Table 3: Generic minimum file-level metadata

Element	Description
File name	The name of the file e.g., report.doc
File format	The file format e.g., PDF/A or Open Office Document
Software used to create the files	The software used to create the file e.g., Microsoft Word 2007
Hardware used to create the files	The hardware used to create the file, this is more significant when files are created directly by survey equipment such as laser scanners or GPS devices.
Operating system used to create the files	The operating system under which the file was made e.g., Windows XP or Mac OS X 10.5.
Date of creation/last file update	When the file was made or updated.
Processing history or Lineage	This element should be used to highlight relationships between files and whether a file is a source file or derived from another.

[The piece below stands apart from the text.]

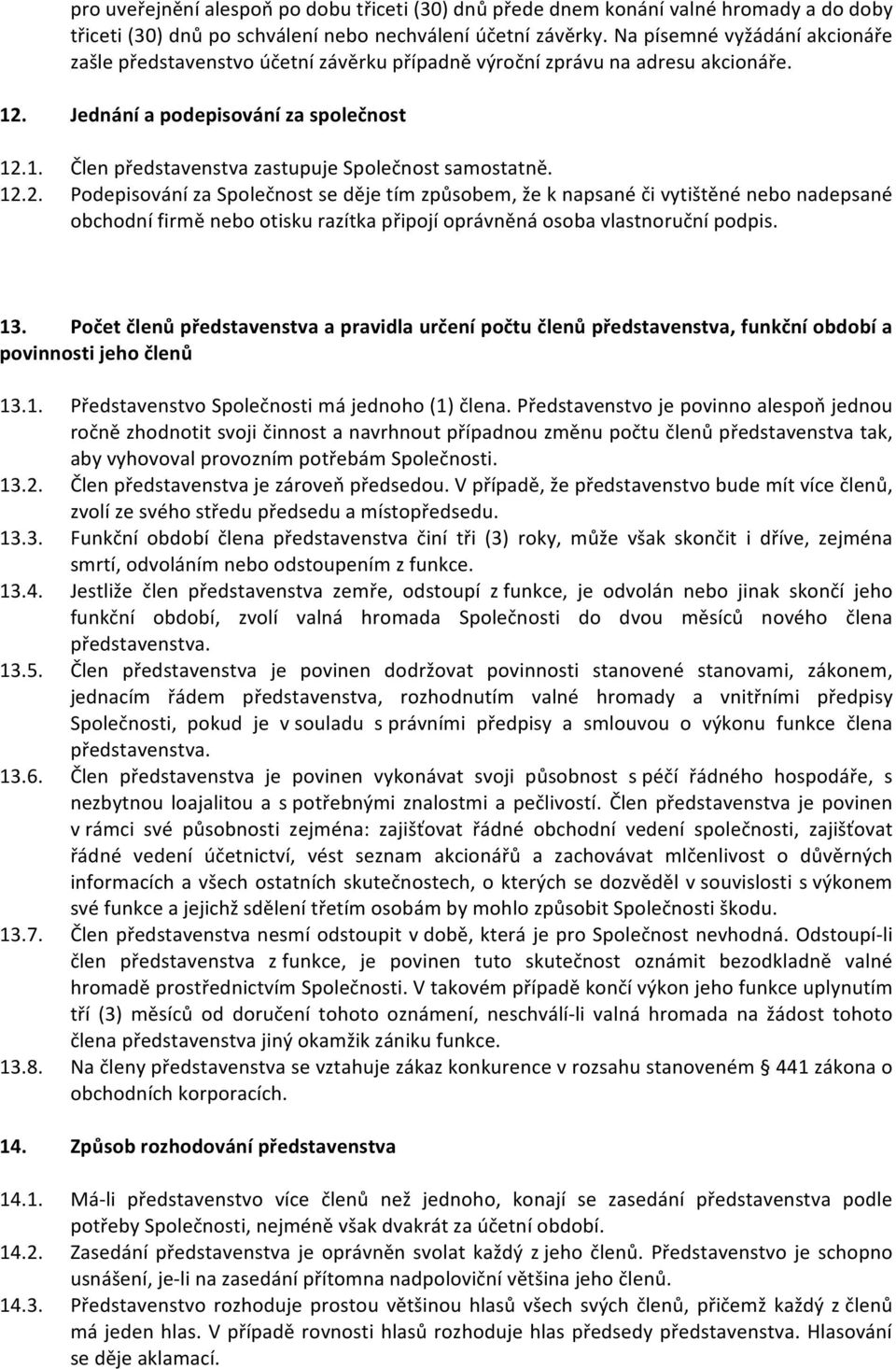 12.2. Podepisování za Společnost se děje tím způsobem, že k napsané či vytištěné nebo nadepsané obchodní firmě nebo otisku razítka připojí oprávněná osoba vlastnoruční podpis. 13.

If deposited with an external archive, this information would generally be entered into the archive’s internal file management system and used to plan future migration and validation strategies for the data. It is at this point that file-level metadata is enhanced by elements such as fixity values or checksums. These are “a form of redundancy check, a simple way to protect the integrity of data by detecting errors in data.”[7] The MD5 (Message-Digest algorithm 5) and the SHA (Secure Hash Algorithm) are widely used cryptographic hash functions, and applying these algorithms to a file produces an (almost certainly) unique hash or checksum value that provides a mechanism for validating and auditing data. An isolated checksum is of no use on its own. It has to be associated with a file, a location and a project as structured data. The schema below is an example of one structure that can be used to hold such file-level metadata.

Table 4: File-level technical metadata

Element	Description
UNIQUE_ID	Auto-generated unique ID e.g.,1234567
FILE_LOCATION	The file path i.e. directory and filename e.g., /adsdata/cottam_ba/jpg/fwking_plan.jpg
CHECKSUM_TYPE	The checksum algorithm used e.g., MD5, SHA-1, etc.
CHECKSUM_VALUE	The checksum value generated by algorithm e.g., 578cbb18f73a885988426797bcab8770
PROJECT_ID	A unique project ID e.g., ADS-123
GENERATED	Date the checksum was created e.g., 16-May-2006
GENERATED_BY	Person who created the checksum e.g., Doe, J
LAST_AUDITED	The date at which the file was last checked or verified e.g., 16-May-2007

In addition to more detailed fixity information, an archive (and possibly a data creator) will want to maintain a process history as part of archival practice. An example would be importing XYZ data into a GIS. Again, this can be recorded as simple structured data. The same structure can hold both file-level and batch processing information. The following example is based on AHDS practice.

Table 5: File-level process metadata

Element	Description
PROCESS_ID	Auto-generated unique ID e.g.,1234567
PROJECT_ID	A unique project ID e.g., ADS-123
SOURCE_FORMAT	The format of the original file e.g., .txt
DESTINATION_FORMAT	The destination format e.g., .shp
PROCESS_AGENT	Who did the processing e.g., Doe, J.
PROCESS_COMMENTS	Comments relating to the process undertaken e.g., “referenced to WGS84′.
PROCESS_START_DATE	Date that the process started e.g., 17-May-2007
PROCESS_COMPLETION_DATE	Date process completed e.g., 17-May-2007
PROCESS_DESCRIPTION	A description of the process e.g., “Import of XYZ data into ArcView for analytical purposes and dissemination as research outcome’.
PROCESS_GUIDELINES	Any guidelines related to the process.
PROCESS_HARDWARE_USED	Hardware used to process the file e.g., Viglen Genie Intel Pentium 4
PROCESS_SOFTWARE_USED	Software used to process the file e.g., ESRI Arcview 9.1
PROCESS_INPUT	Full file path of the source file e.g., /adsdata/pro-453/xyz/file.xyz
PROCESS_OUTPUT	Full file path of the output file e.g., /adsdata/pro-453/shp/file.shp
PROCESS_RESULT	Comments on the result of the processing e.g., “Success”.
PROCESS_TYPE	Description of the process carried out e.g., “Conversion – dissemination.”